On October 3, 2022, counsel for Plaintiffs made another Rule 14 request for a pre-discovery motion conference indicating that Gellis failed to respond to Plaintiffs' discovery requests notwithstanding the extension (NYSCEF 72). Following additional correspondence from the parties (NYSCEF 73-74), Plaintiffs filed their first motion to conditionally strike Gellis' Answer and compel discovery.
Shortly after Plaintiffs' motion was filed, prior counsel for Gellis moved to withdraw, and that motion was granted on December 15, 2022 (NYSCEF 107). Current counsel for Gellis filed an appearance on January 23, 2023 (NYSCEF 109).

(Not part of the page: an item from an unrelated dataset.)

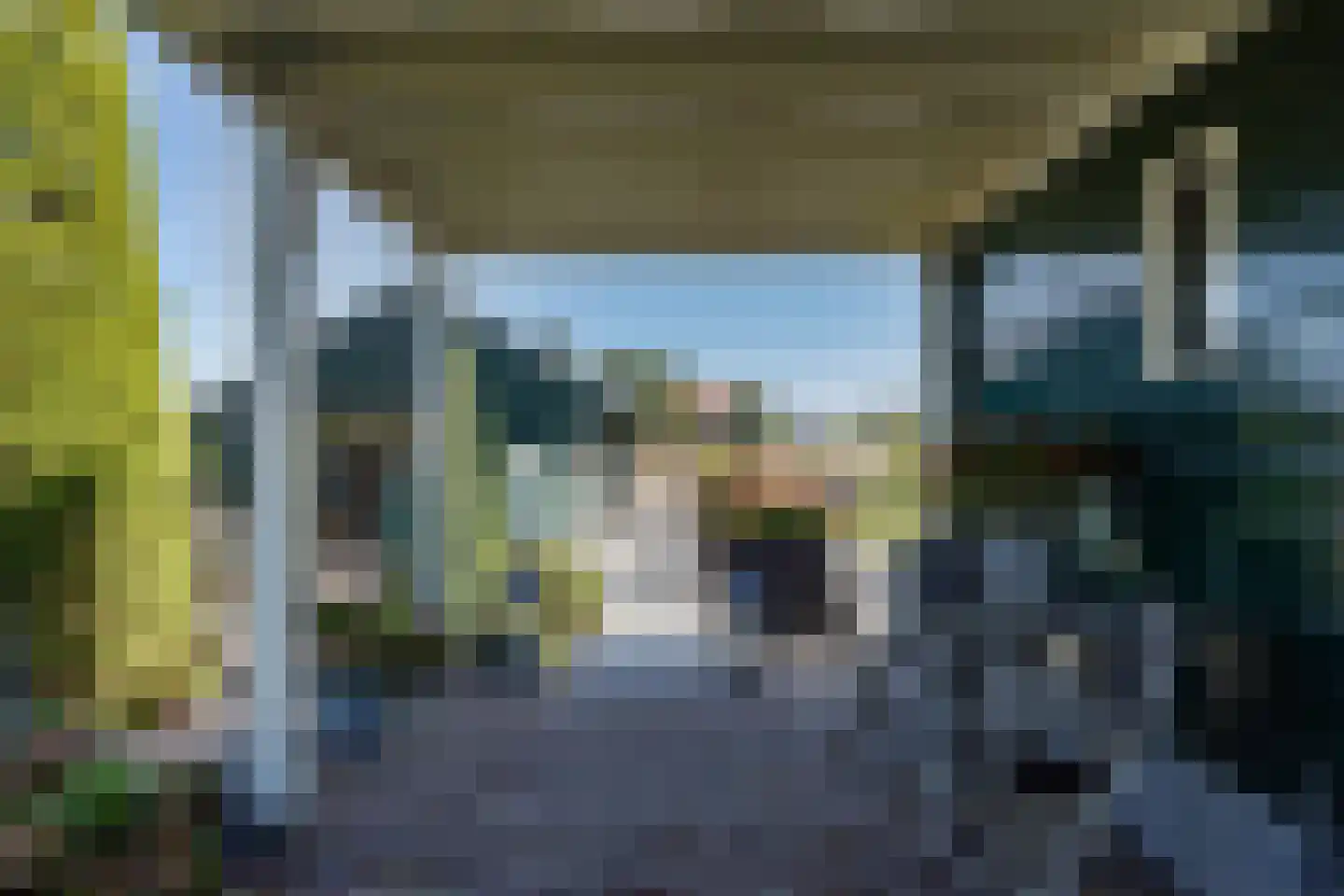 Starnmeerdijk 24 Spijkerboor thumbnail 18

Although Gellis had previously been afforded an extension of time to respond to Plaintiffs' motion, the Court granted "a final extension" on February 15, 2023 (NYSCEF 112).
By order dated March 30, 2023, the Court granted Plaintiffs' motion in part (Zuckerbrot v Lande, 2023 N.Y. Slip Op. 31029[U], 1-2 [N.Y. Sup Ct, New York County 2023]). The Court determined that Gellis' "utter failure to participate in the discovery process is plainly sanctionable" but afforded Gellis "a final opportunity to correct course" or suffer "significant sanctions (potentially including a default judgment against her). . ." (id. 1). Additionally, the Court found that "[b]y failing to timely respond, Defendant has waived all objections to Plaintiffs discovery 'other than privilege or palpable impropriety'" (id. *2 quoting Khatskevich v Victor, 184 A.D.3d 504, 505 [1st Dept 2020]). Accordingly, the Court directed that Gellis respond to Plaintiffs' demand and "provide a sworn certification that production is complete" within forty-five (45) days (id. *3).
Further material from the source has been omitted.